Instructions for the task :: Below are several records. Retype exactly those lines running from the one with "Cranfield Campground" through the one with "Hutch Long Sleeve Tee", end lines included, and no others.

Data supplied ::

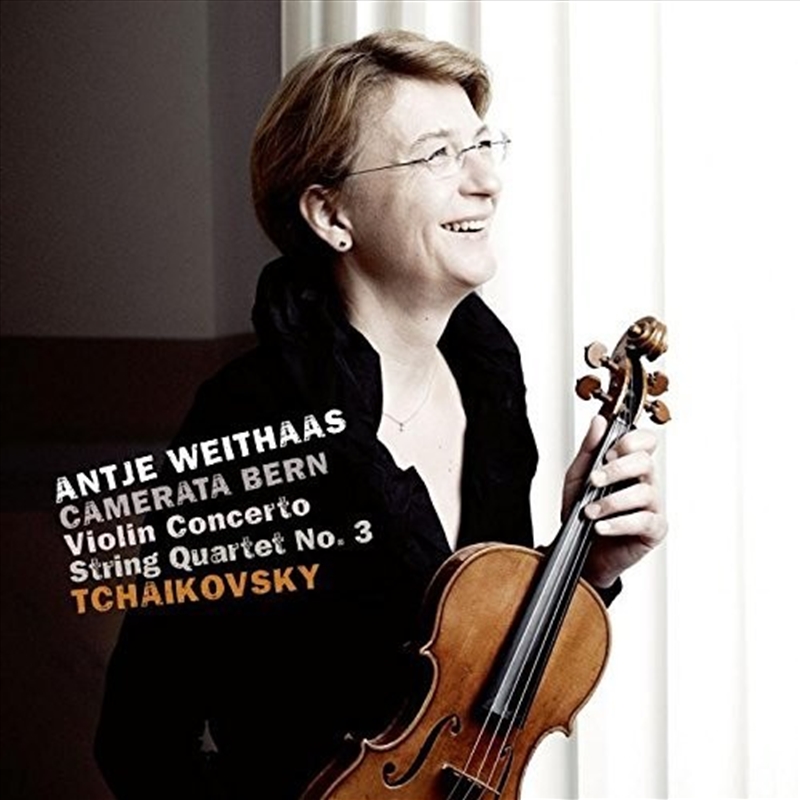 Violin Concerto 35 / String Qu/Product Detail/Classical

* * *

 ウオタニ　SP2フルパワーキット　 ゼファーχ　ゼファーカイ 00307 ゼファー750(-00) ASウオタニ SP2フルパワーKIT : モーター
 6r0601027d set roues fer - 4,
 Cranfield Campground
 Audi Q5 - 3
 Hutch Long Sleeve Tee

==

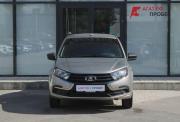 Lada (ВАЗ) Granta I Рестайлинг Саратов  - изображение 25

Task solution ::
 Cranfield Campground
 Audi Q5 - 3
 Hutch Long Sleeve Tee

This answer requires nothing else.